Também por conta das manifestações populares, o projeto da isenção, que estava travado pelo presidente da Câmara Hugo Motta (Republicanos-PB), por pressão da extrema-direita, que queria forçar a votação da anistia, antes, teve a votação em plenário, marcada para a quarta-feira próxima, dia 1º de outubro, pelo próprio Motta. O anúncio ocorreu logo após as manifestações.
O relator da matéria é o ex-presidente da Câmara, Arthur Lira, que apresentou parecer favorável na terça-feira, dois dias após os protestos, na reunião entre os líderes dos partidos. O texto votado na comissão especial que analisou o tema, em agosto, manteve em 10% a alíquota extra máxima a ser cobrada das pessoas que ganham a partir de R$ 1,2 milhão por ano.
No projeto, o governo federal propõe que a cobrança de alíquota extra sobre os mais ricos vai compensar o alívio de imposto sobre os mais pobres. As alíquotas adicionais progressivas afetarão quem ganha mais de R$ 600 mil por ano, atingindo o patamar máximo de 10% para quem ganha mais de R$ 1,2 milhão.
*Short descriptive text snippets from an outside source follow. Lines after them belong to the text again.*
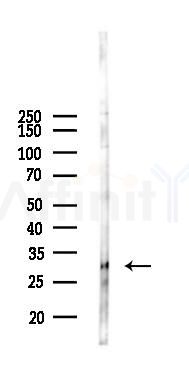 CGREF1 Antibody - Western blot analysis of lysates from Hela cells(starvation,24h treatment), using CGREF1 Antibody at 1/1000 dilution.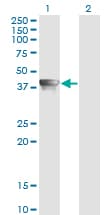 AHSA1 / AHA1 Antibody (clone 4F3-B6)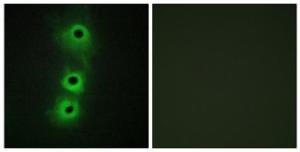 Antibody anti-CDH8 A95379-100 100 µg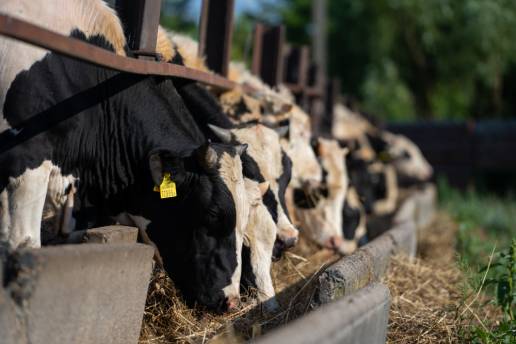 Aislamiento y características moleculares del genotipo D2 de Aichivirus D en ganado lechero en China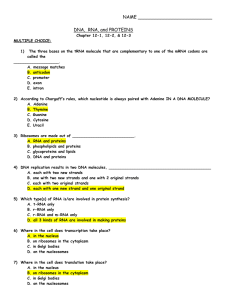 Chapter 12 Protein Synthesis Worksheet Answer Key worksheet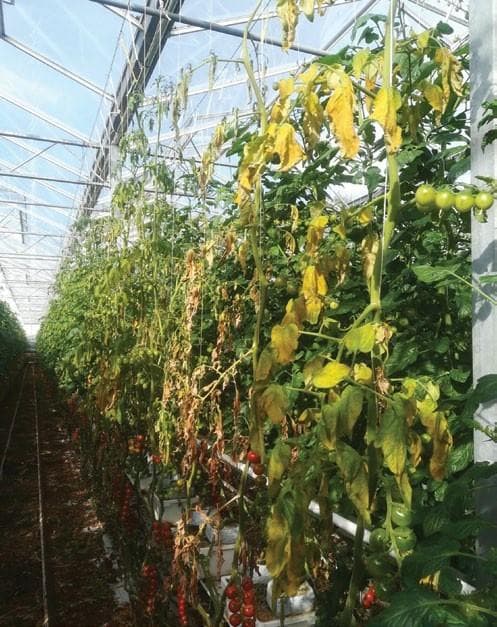 UNDERSTANDING Tomato Brown Rugose Fruit Virus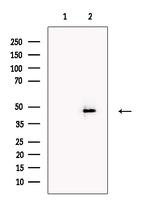 SERBP1 Antibody in Western Blot (WB)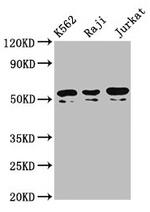 TOX2 Polyclonal Antibody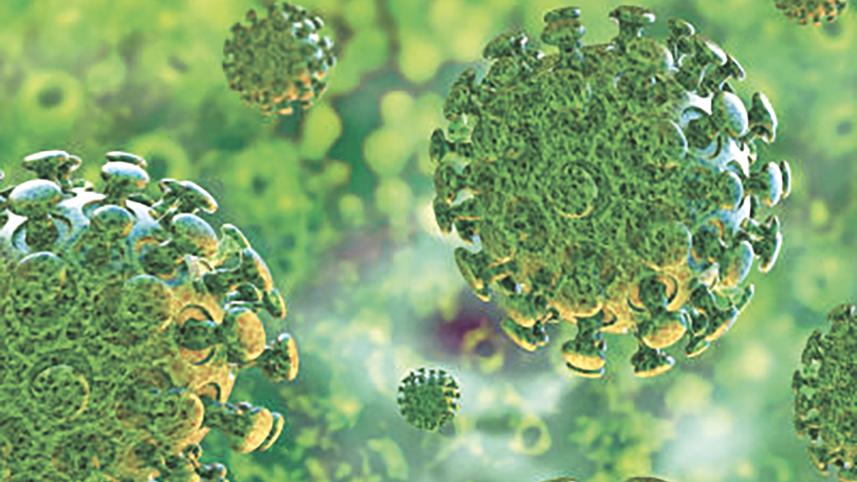 corona virus.jpg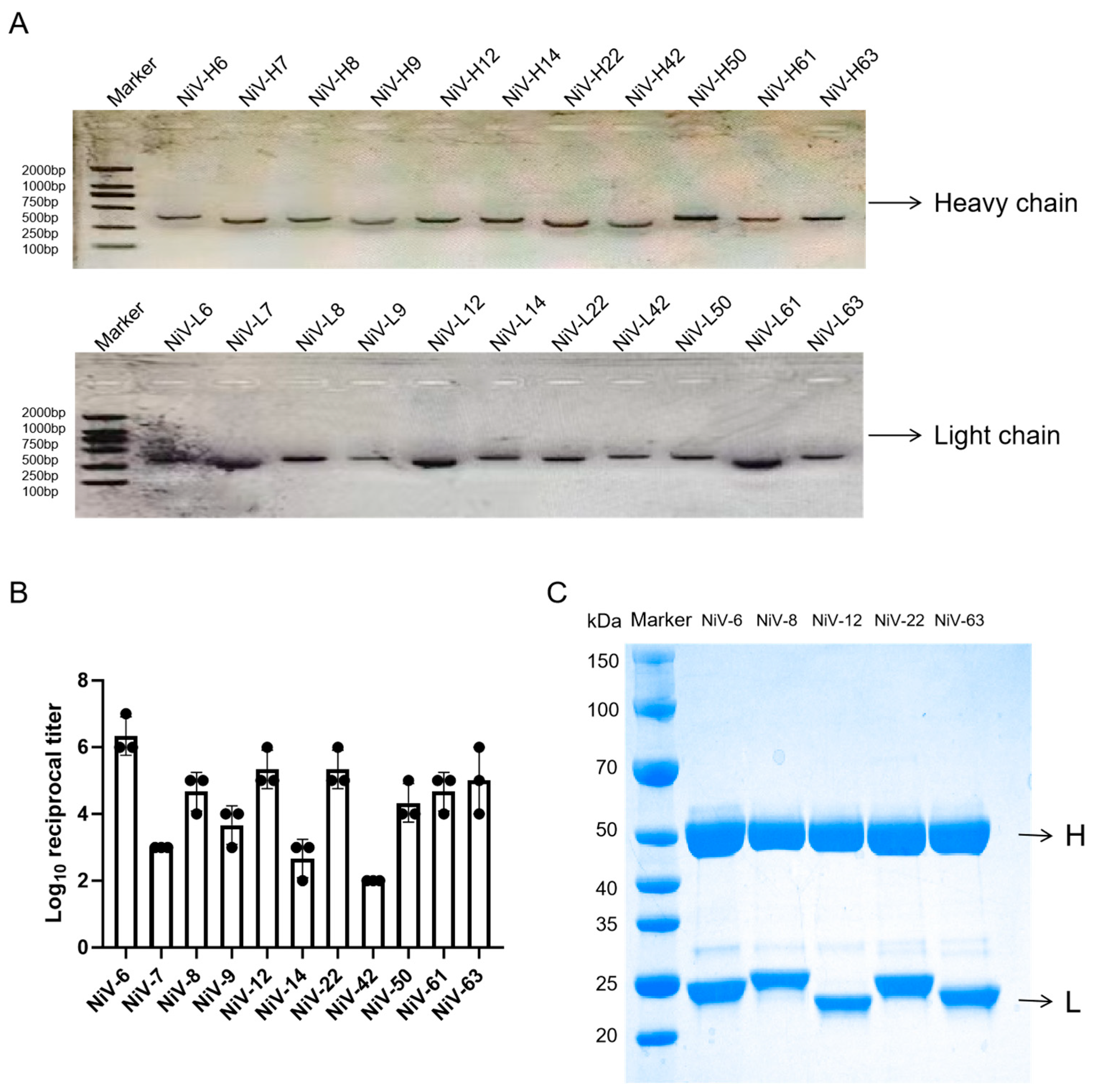 Viruses 17 00748 g003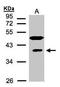 mRNA export factor antibody, GTX106289, GeneTex, Western Blot image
Além de confirmar essa alíquota extra, o relator elevou, de R$ 7 mil para R$ 7,35 mil por mês, a faixa de renda a ser beneficiada com redução parcial do IR. O projeto de lei estende a isenção de IR para quem ganha até R$ 5 mil mensais e, na versão original, previa redução da cobrança para quem ganhasse até R$ 7 mil. Em agosto, a Câmara aprovou tramitação em regime de urgência para a proposta. Com isso, o texto entrará na pauta do plenário da Casa.
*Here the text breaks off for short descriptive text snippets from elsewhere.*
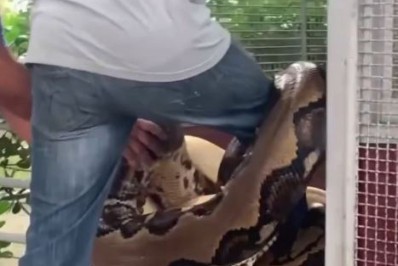 Vídeo: biólogo é 'atacado' por cobras gigantes em Niterói e viraliza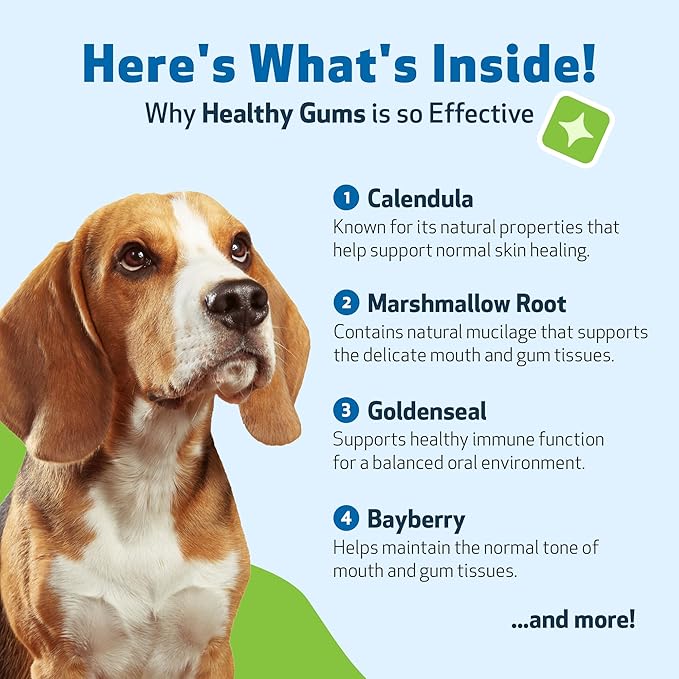 Pet Wellbeing Healthy Gums for Dogs - Gums & Dental Health, Oral Care, Healthy Breath, Coenzyme Q10, Zinc Oxide, Calendula, Marshmallow Root - Veterinarian-Formulated Holistic Topical 4 oz (118 ml)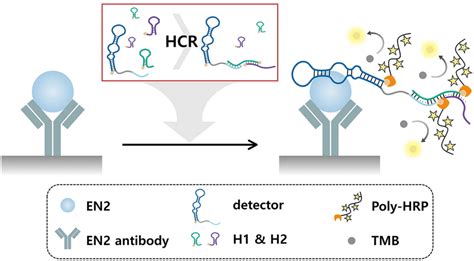 Schematic Illustration Of The Hcr Based Aptamer Antibody Hybrid Elona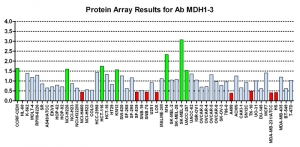 Click to enlarge image Protein Array in which CPTC-MDH1-3 is screened against the NCI60 cell line panel for expression. Data is normalized to a mean signal of 1.0 and standard deviation of 0.5. Color conveys over-expression level (green), basal level (blue), under-expression level (red).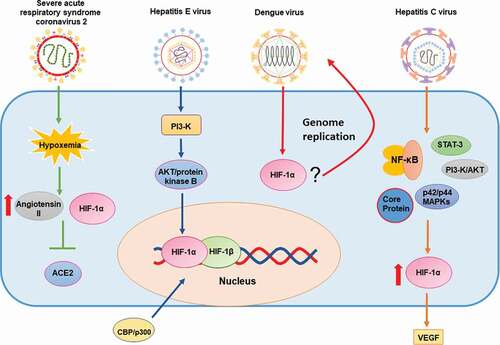 Figure 3. Schematic representation of the effects of positive single-stranded RNA viruses on HIF-1α and (possible) mechanisms of action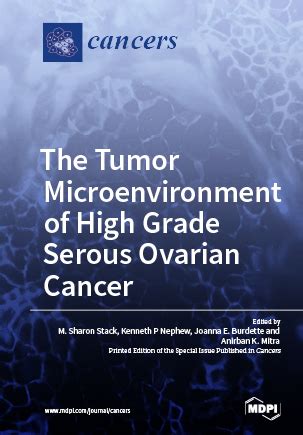 The Tumor Microenvironment of High Grade Serous Ovarian Cancer | MDPI Books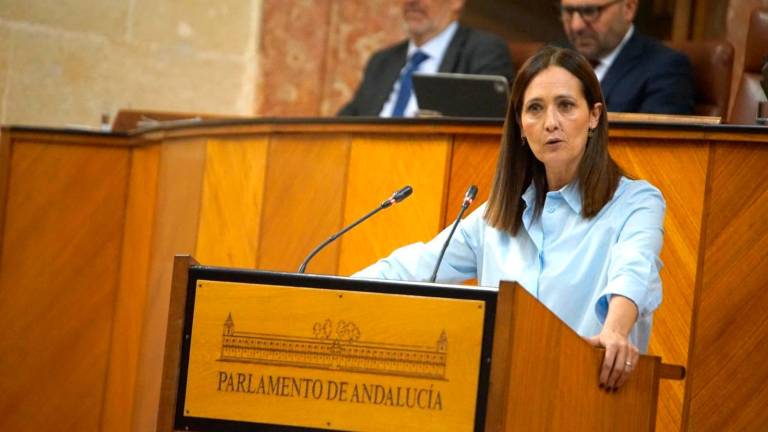 El PP acusa al PSOE de usar “bombas de humo” respecto al Virus del Nilo El PP acusa al PSOE de usar “bombas de humo” respecto al Virus del Nilo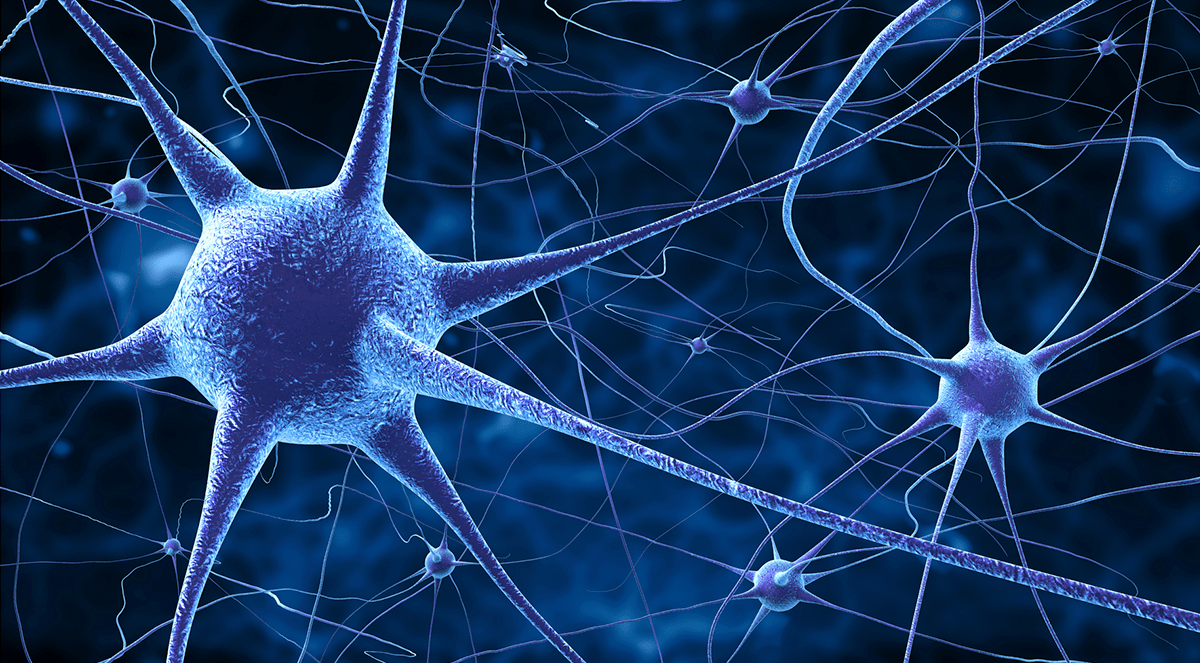 Brain metabolites in chronic migraine patients with medication overuse headache.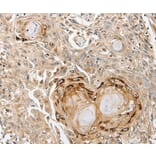 Immunohistochemistry - SLC1A7 Antibody from Signalway Antibody (37242) - Antibodies.com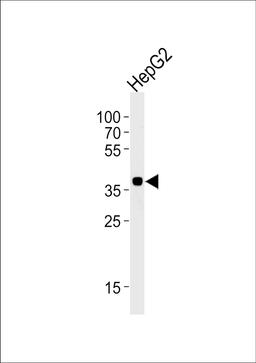 Western blot analysis of lysate from HepG2 cell line, using OR2M7 Antibody at 1:1000 at each lane.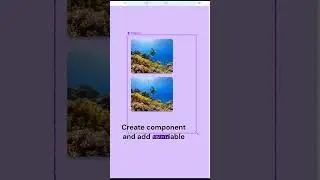 zoom on hover figma | Zoom on hover #shorts #shorts #viral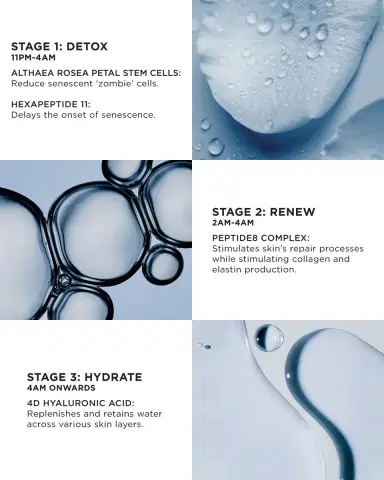 Noble Panacea The Absolute Peptide8 Night Serum Refill, 30 Doses | Thumbnail 3 Noble Panacea The Absolute Peptide8 Night Serum Refill, 30 Doses | Thumbnail 3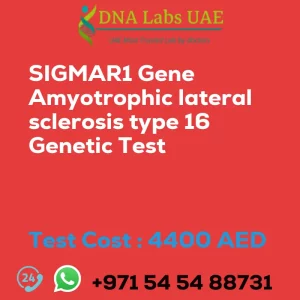 SIGMAR1 Gene Amyotrophic lateral sclerosis type 16 Genetic Test sale cost 4400 AED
Dosimetria – Já o projeto de redução das penas de Jair Bolsonaro e companhia, segundo o relator da proposta de anistia, já descartada, Paulo Pereira (Solidariedade-SP), está em negociação. Mas os partidos da extrema direita não concordam com a ideia e dizem querer a anistia ampla; já os governistas dizem ser contra a redução das penas e pela manutenção da decisão do STF. Mesmo assim, Paulo Pereira, disse que o projeto deverá ser votado na próxima terça-feira.
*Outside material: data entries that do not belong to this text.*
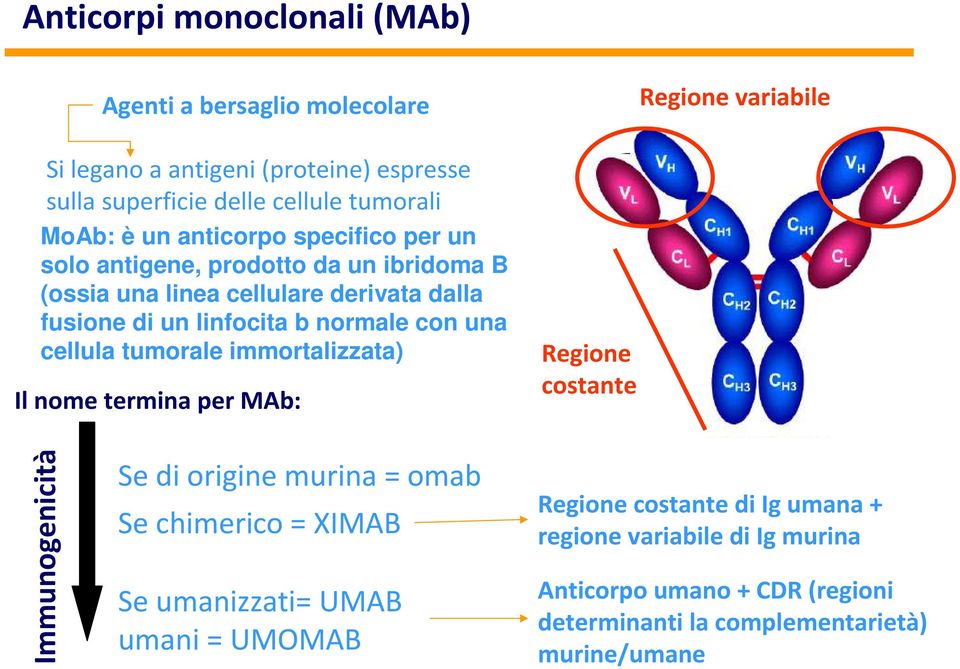 cellula tumorale immortalizzata) Il nome termina per MAb: Regione costante Regione variabile Immunogenicità Se di origine murina = omab Se chimerico = XIMAB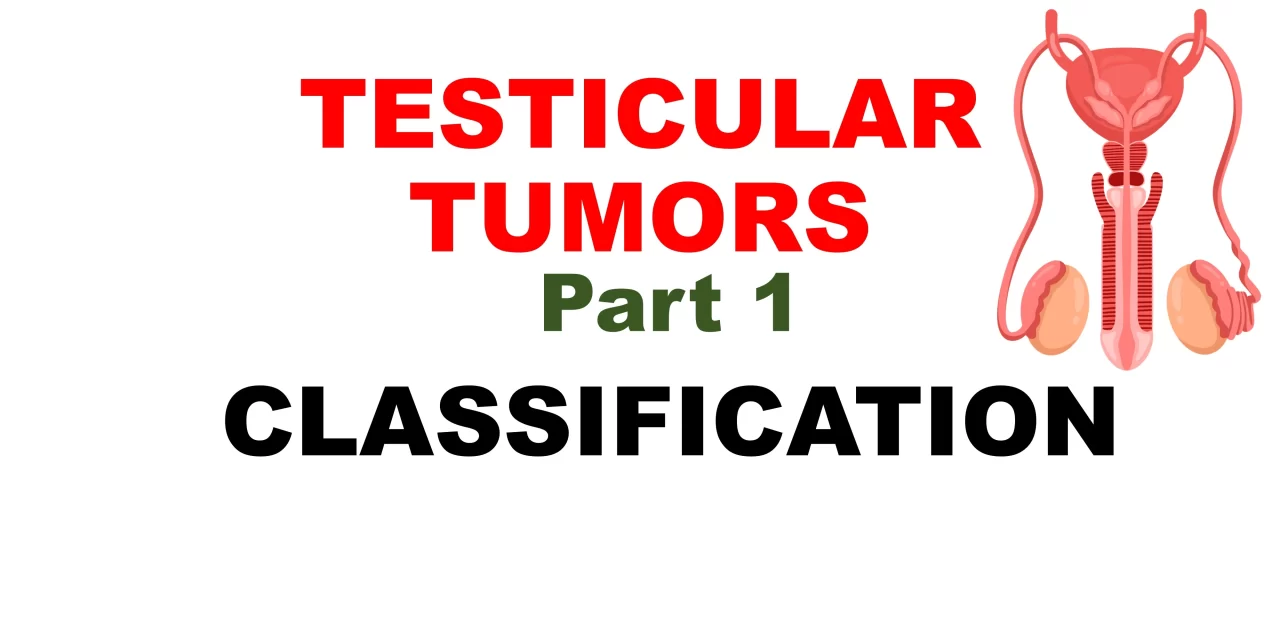 Classification of Testicular Tumors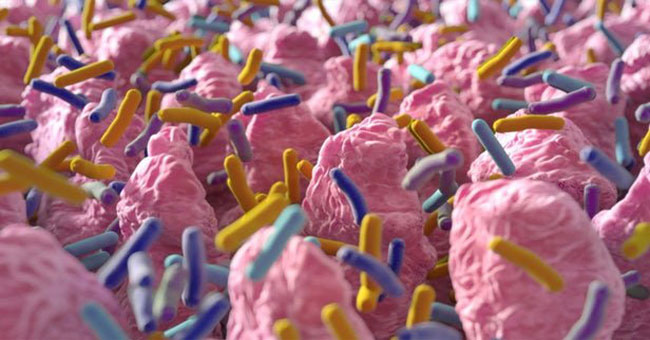 99% of bacteria in the human body are not known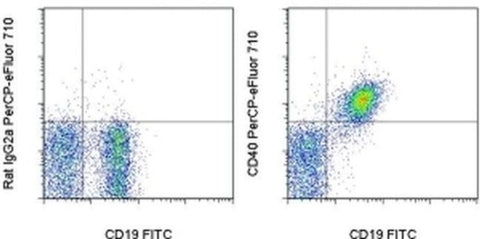 CD40 Monoclonal Antibody (1C10), PerCP-eFluor 710, eBioscience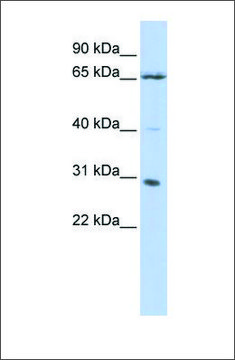 Anti-GRHL1 antibody produced in rabbit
O PT, em reunião da sua Comissão Executiva Nacional, na terça-feira (23/9) votou pela rejeição ‘de qualquer tipo de anistia para os golpistas e assassinos do 8 de janeiro’ e ‘de qualquer redução de pena para quem planejou golpe de Estado e tentativa de assassinato do presidente da República, vice-presidente e presidente do Tribunal Superior Eleitoral. Esse debate torna-se totalmente fora de lugar nesse momento, e não está entre as prioridades do povo brasileiro”, diz a nota pública (veja aqui) do partido, divulgada na mesma terça-feira.